May 1993. The Virginia Theater, 245 West 52d Street, Manhattan. Row J, Orchestra. Elevated into view on a platform at the edge of the darkened, empty stage, Gregory Hines arrives without fanfare. His back is to the audience, his posture crestfallen. When he finally turns to look at us, he is unsmiling, mute and shuddering. That night Gregory Hines made the single most unorthodox and magnificent star entrance I shall ever see. Nothing could have prepared me for that moment. Not even the 10 months I had spent obsessively listening to the Original Cast Recording of George C. Wolfe’s brilliant show “Jelly’s Last Jam”. It took my breath away. So did Gregory Hines. His elegance, his humour, his ability to carry the dramatic weight of the piece with such dignity. And his voice. My God, his voice. I could listen to that man sing all day. And as I said, I often did.
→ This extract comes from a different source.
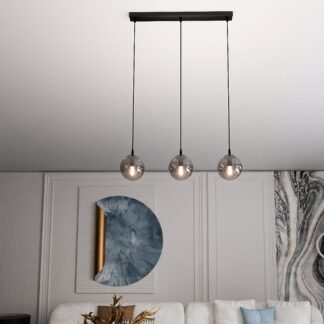 Szklana lampa wisząca Cosmo 3 w szarym odcieniu – potrójny zwis E14 IP20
“Jelly’s Last Jam” captured my imagination in a way nothing had before. When I first got my hands on a copy of that soundtrack I was 18 years old and it spoke to me regarding so many of the things I was passionate about. The theatre. Jazz music. History. The civil rights movement. It had razzle dazzle to be sure, but it also had a message and it had heart. I was intoxicated by it. By the notion that theatre could do all those things at once. Gregory Hines was the heart and soul of that production.

Two nights after I saw the show, I went back a second time. I couldn’t stay away. Attending this piece of theatre was like a religious experience for me. In fact, I still listen to that soundtrack every few months. Different days inspire different emotions but whether I sing along or laugh or cry I am always moved.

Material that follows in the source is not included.